Underwater Audio Species Classification Using Dual-Path Deep Learning
Main Article Content
Abstract
Underwater acoustic species classification is an important task in marine bioacoustic monitoring, ocean biodiversity assessment, and whale communication analysis. However, accurate classification of underwater species sounds is challenging due to background ocean noise, ship noise, sonar interference, signal attenuation, overlapping vocalizations, and variations in call structure across species. To address these challenges, this work proposes a dual-path deep learning framework for underwater audio species classification using both spectrogram based and raw waveform-based feature learning. In the proposed method, raw underwater audio is first processed through denoising, amplitude normalization, and framing. The preprocessed audio is then passed through two parallel branches. The first branch converts the signal into Mel/CQT spectrogram representations and extracts deep spectral features using an EfficientNetV2 model integrated with a CBAM attention layer.
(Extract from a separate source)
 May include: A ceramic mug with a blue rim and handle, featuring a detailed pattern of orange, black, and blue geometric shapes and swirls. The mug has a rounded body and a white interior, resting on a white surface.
The second branch processes the raw waveform using a Wav2Vec 2.0 pretrained transformer to obtain temporal acoustic embeddings. The extracted features from both branches are concatenated and passed through a feature fusion layer followed by temporal pooling, fully connected layers, dropout, and softmax classification. The experimental results show that the proposed model effectively captures both time-frequency and waveform-level characteristics of underwater species calls. The model achieved an accuracy of 97.18%, precision of 96.94%, recall of 96.82%, F1 score of 96.88%, specificity of 98.41%, and an error rate of 2.82%. Comparative analysis with existing methods such as MFCC-SVM, CNN, LSTM, ResNet, two-channel fusion networks, and MT-Resformer demonstrates that the proposed EfficientNetV2-CBAM and Wav2Vec 2.0 fusion model provides improved classification performance. The results confirm that the dual-path fusion strategy is effective for robust underwater species identification in noisy marine acoustic environments.